▶ _REQUIRED ACTION_: A picture-free, exact copy of all the records below is the goal.

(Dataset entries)
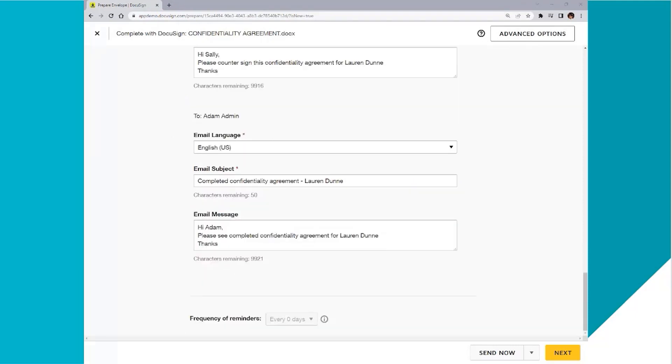So recipient number three is Adam. He does not need to sign anything. He just needs to get the copy of it signed. So I put completed confidentiality agreement and updated his email message.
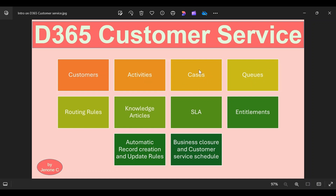Whenever a case is created, we also have another logic called routing rules. Routing rules and queues work together. Routing rules have a lot of conditions defined to automatically assign incoming cases to a different queue. For example, if the case is created by a premium customer, then we need a premium support ticket queue. If the case is created by some other customer, then we need a different queue. All those assignments will be managed by these routing rules.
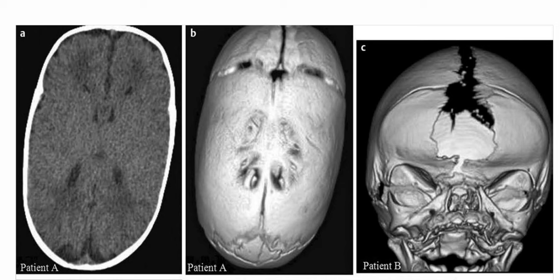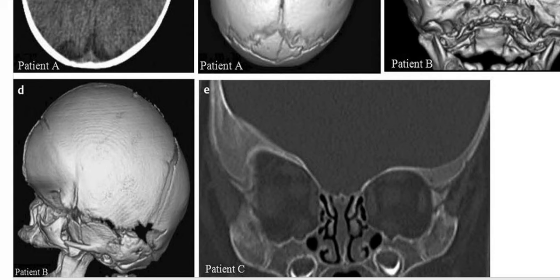The frontal reformatted CT scan in this 5-day-old girl shows premature closure of the coronal sutures with brachycephaly, a prominent forehead, and midface hypoplasia. In the third patient, the coronal CT scan in a 4-month-old boy shows uplifting of the right orbit with a harlequin eye deformity from unilateral coronal suture craniosynostosis.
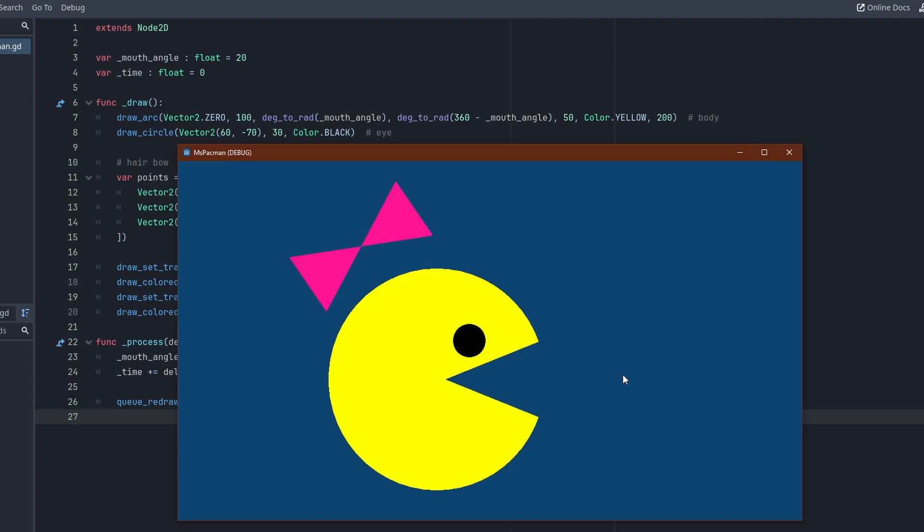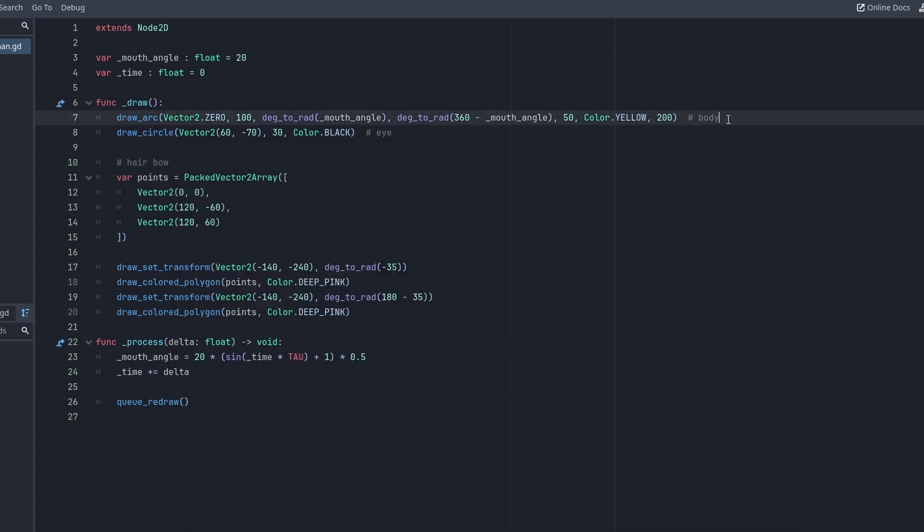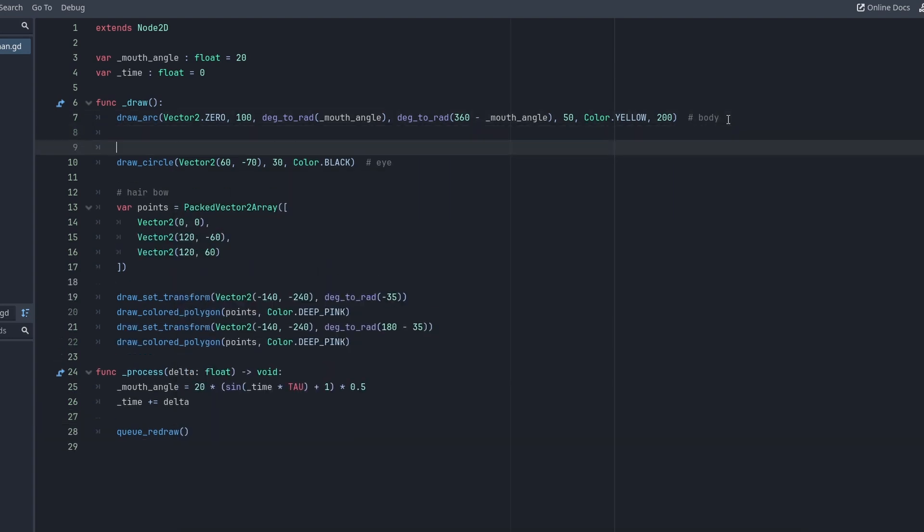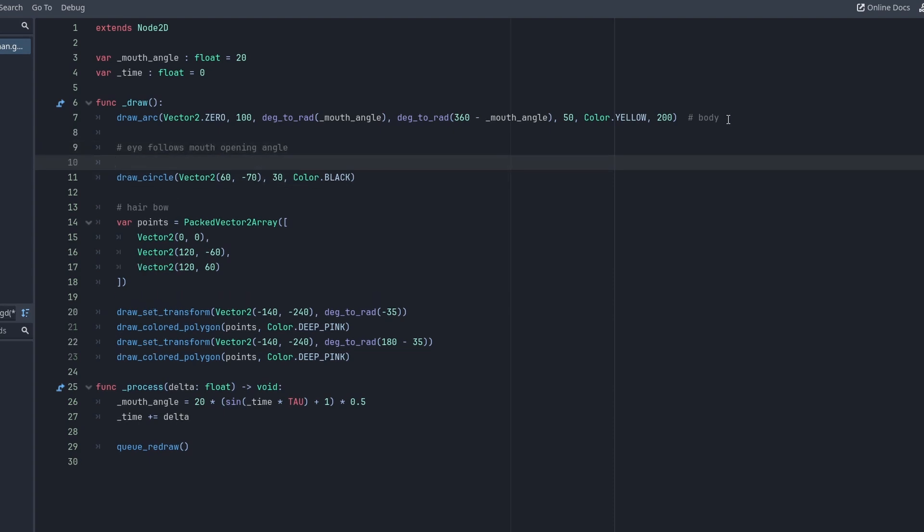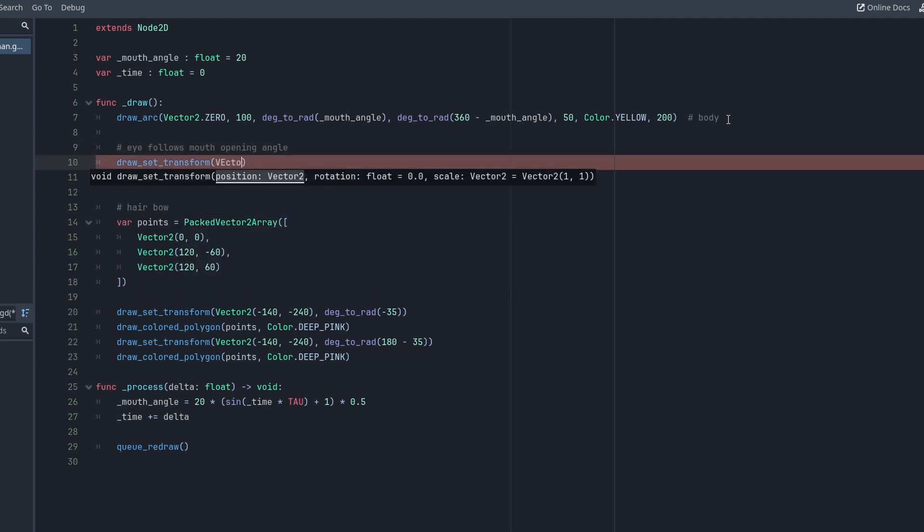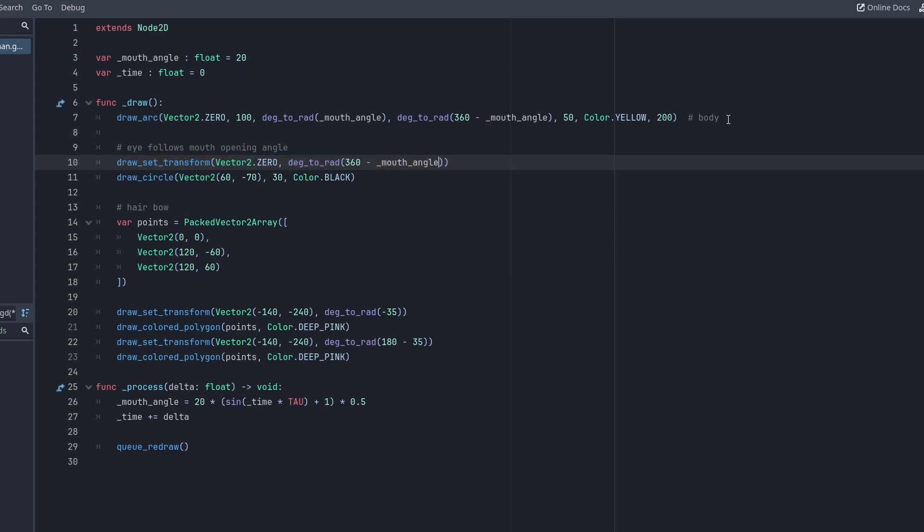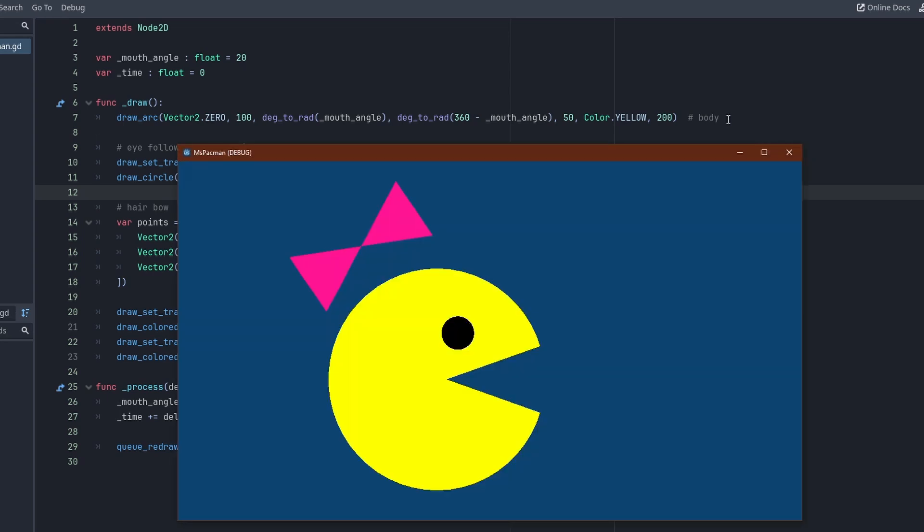I really think the eye should move along with the upper jaw though. We can easily fix that using the set_transform function we have seen before. A rotation around the origin using the mouth angle should do the trick. Yes, that looks a lot better.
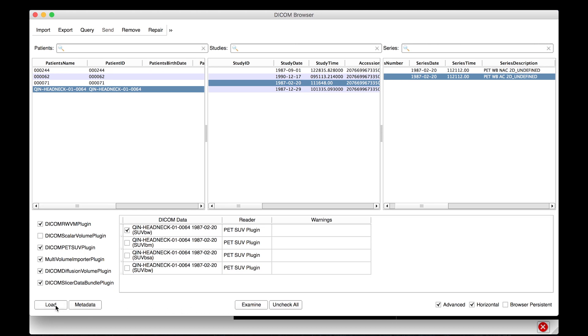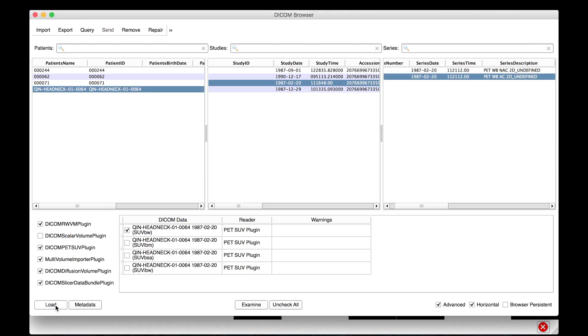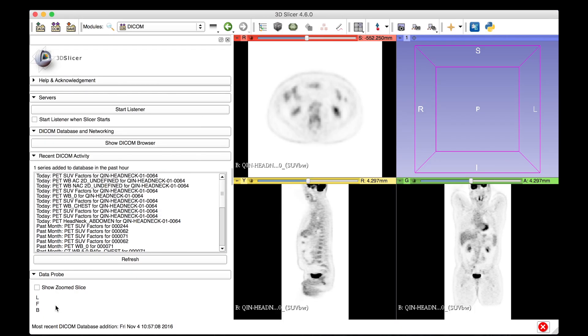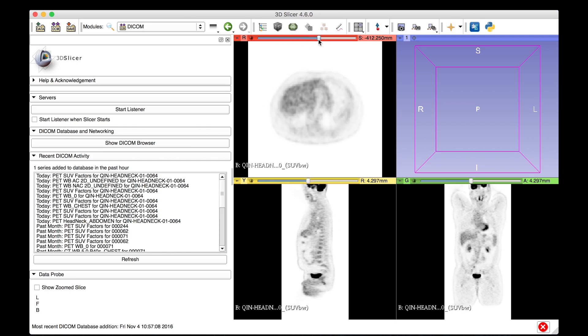After selecting the SUV normalization of your choice, you can load the dataset. The PET-SUV plugin will calculate the SUV normalization factor, normalize the uptake values in the dataset, and store the normalization factor in the DICOM database for future reference.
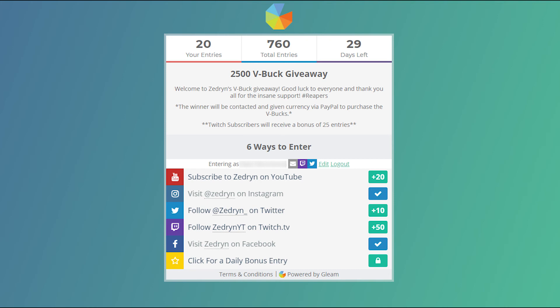So if you guys want a chance to win this giveaway, click the link in the description down below. Remember, my Twitch subscribers get 25 bonus entries, and the winner will be receiving currency via PayPal.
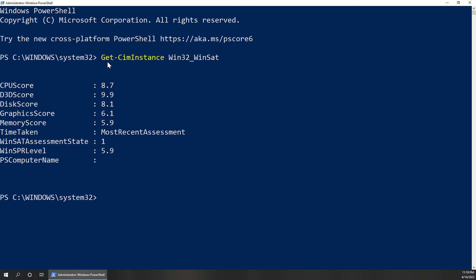and you'll see the same scores that we had previously with Windows 7, Windows Experience Index.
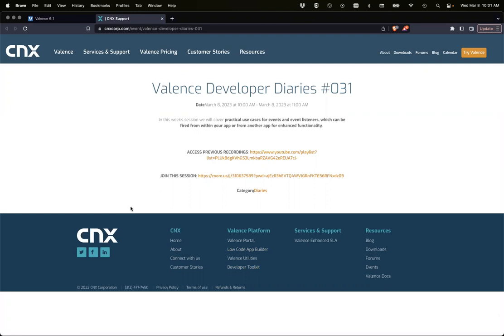Welcome to Valence Developer Diaries number 31. Today we're going to talk about something fairly new: local events.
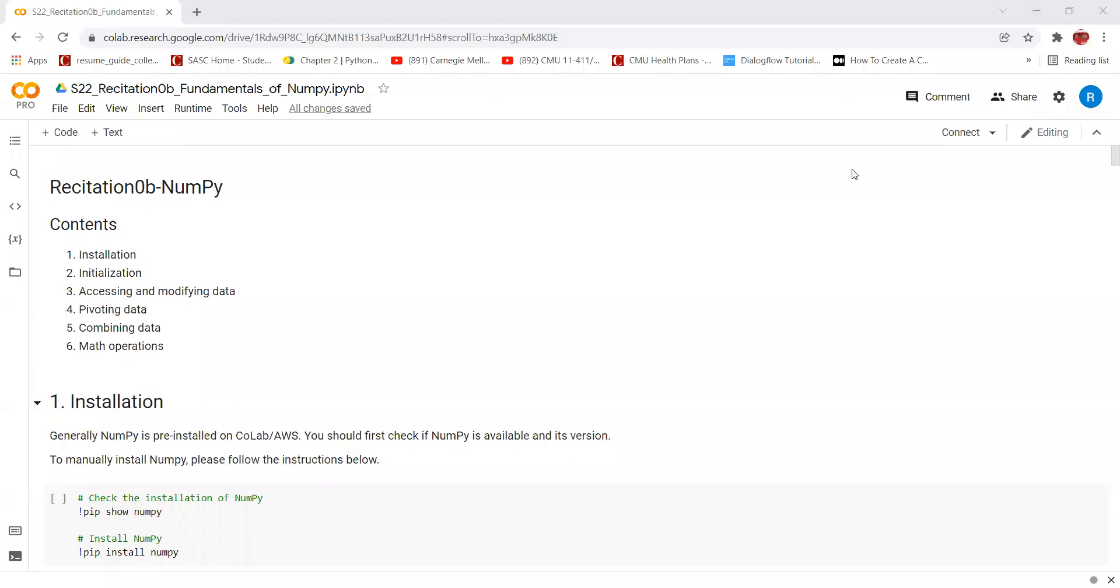Hello everyone, I am one of your TAs for this semester and I will be taking you through recitation 0b, Fundamentals of NumPy. Numerical Python is a package that contains several classes, functions, and variables to deal with scientific calculations in Python.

▶ _EXERCISE RESULT_:
So recipient number three is Adam. He does not need to sign anything. He just needs to get the copy of it signed. So I put completed confidentiality agreement and updated his email message.
Whenever a case is created, we also have another logic called routing rules. Routing rules and queues work together. Routing rules have a lot of conditions defined to automatically assign incoming cases to a different queue. For example, if the case is created by a premium customer, then we need a premium support ticket queue. If the case is created by some other customer, then we need a different queue. All those assignments will be managed by these routing rules.
The frontal reformatted CT scan in this 5-day-old girl shows premature closure of the coronal sutures with brachycephaly, a prominent forehead, and midface hypoplasia. In the third patient, the coronal CT scan in a 4-month-old boy shows uplifting of the right orbit with a harlequin eye deformity from unilateral coronal suture craniosynostosis.
I really think the eye should move along with the upper jaw though. We can easily fix that using the set_transform function we have seen before. A rotation around the origin using the mouth angle should do the trick. Yes, that looks a lot better.
After selecting the SUV normalization of your choice, you can load the dataset. The PET-SUV plugin will calculate the SUV normalization factor, normalize the uptake values in the dataset, and store the normalization factor in the DICOM database for future reference.
So if you guys want a chance to win this giveaway, click the link in the description down below. Remember, my Twitch subscribers get 25 bonus entries, and the winner will be receiving currency via PayPal.
and you'll see the same scores that we had previously with Windows 7, Windows Experience Index.
Welcome to Valence Developer Diaries number 31. Today we're going to talk about something fairly new: local events.
Hello everyone, I am one of your TAs for this semester and I will be taking you through recitation 0b, Fundamentals of NumPy. Numerical Python is a package that contains several classes, functions, and variables to deal with scientific calculations in Python.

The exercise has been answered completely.